So etwas zu verfilmen ist gewiss reizvoll. Folge 1 von »Il giovane Montalbano« setzt denn auch sozusagen abgefedert ein – erst mit einer Szene aus dem Kriegsjahr 1943, begleitet von den bekannten zarten Gitarrenklängen, die ein Geheimnis ankündigen; dann schwenkt die Kamera hinauf ins winterlich-kalte Bergdorf Mascalippa, wo wir dem noch unbekannten giovane Montalbano (Michele Riondino) erstmals begegnen. Die ersten Sätze, die er mit seinem Polizisten wechselt, die erste Konfrontation mit einem lokalen Raubein – und schon sind wir mittendrin und fühlen uns wie zu Hause ... Erstaunlich!
Selbstverständlich wird es in den nachfolgenden Filmen wärmer, wenn Salvo Montalbano nach Vigàta versetzt, zum commissario befördert wird und seine villetta am Meer bezieht. Wenngleich Michele Riondino gertenschlank ist, über eine dichte Lockenpracht verfügt und sich dadurch rein äußerlich deutlich von seinem alter ego Luca Zingaretti absetzt, können die beiden tatsächlich als ein und derselbe Salvo Montalbano durchgehen, denn beide beherrschen das differenzierte, hintergründige Mienenspiel, die raschen Wechsel in den Emotionen, die vielen verschiedenen Tonlagen, die Salvos Wesen kennzeichnen.
Die anderen Schauspieler weichen stärker von ihren Vorgängern bzw. Nachfolgern ab. Sarah Felberbaums Livia ist süß zum Dahinschmelzen, wo Katharina Böhm oft einen Hauch Herbheit und Skepsis bewahrt und ihre Nachfolgerin Sonia Bergamasco (seit 2016) vergleichsweise farblos bleibt.

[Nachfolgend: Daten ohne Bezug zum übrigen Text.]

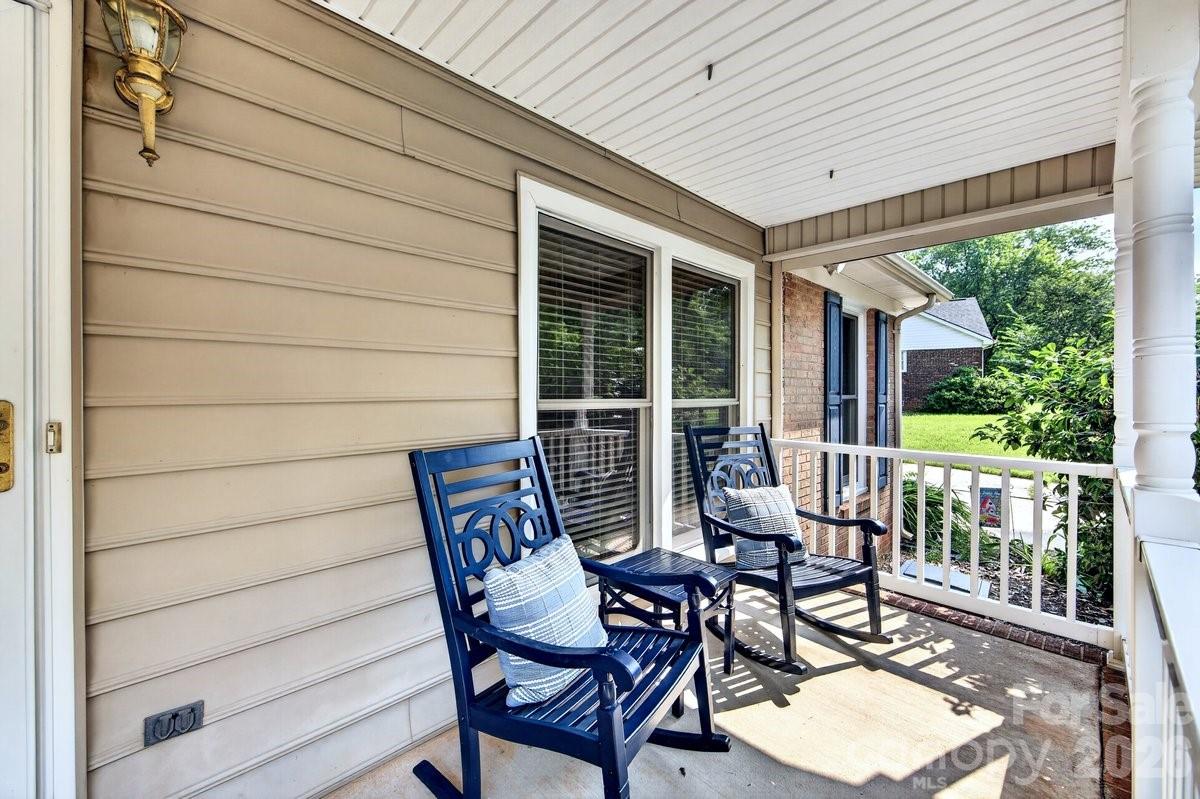 1101 Lightwood Drive Property Photo 2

Der gereifte Mimì Augello (Cesare Bocci) ist zwar immer noch kein Kostverächter, aber viel bodenständiger als in seiner Jugend (Alessio Vassallo): Da sieht er mit seinem schmalen Lippenbärtchen aus wie eine Mischung aus Clark Gable und Rudolph Valentino und führt sich auf wie ein papagallo aus den Fünfzigern ...

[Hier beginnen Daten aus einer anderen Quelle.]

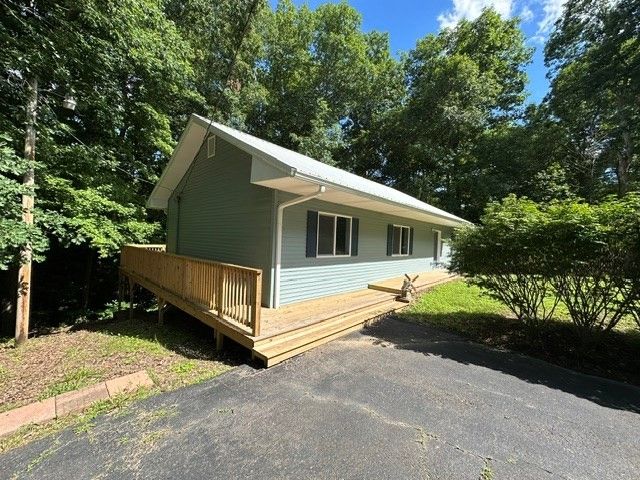 184 McDuff Ln, Camden, TN 38320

Eine regelrechte Fehlbesetzung scheint mir allein Catarella: Angelo Russo gibt in der Hauptserie einen kleinen, stämmigen, quirligen, begriffsstutzigen Tolpatsch vor, der schon reichlich karikaturistische Züge trägt. Fabrizio Pizzuto aber muss ständig überziehen: Von ihm kommt kein normaler Satz, keine normale Geste – und dann ist er auch noch groß und spindeldürr.

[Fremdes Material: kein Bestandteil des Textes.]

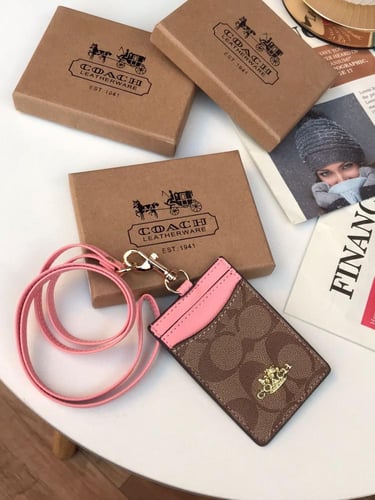 كارد هولدر كوتش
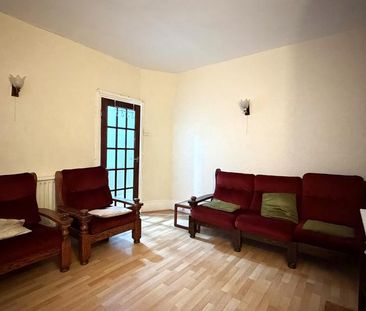 4 bedroom terraced house to rent - Photo 1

Derlei fällt aber nur im Vergleich der beiden Serien auf; bleibt man innerhalb von »Il giovane Montalbano«, stellen sich bald ähnliche Empfindungen ein wie beim Betrachten der ursprünglichen Serie: ein konsequentes, stimmiges Konzept, eine getreue Umsetzung von Camilleris Vorlagen, eine unterhaltsame Filmreihe mit wohltuend ruhiger, klarer Atmosphäre, die die Besonderheiten und den Zauber der Schauplätze einfängt.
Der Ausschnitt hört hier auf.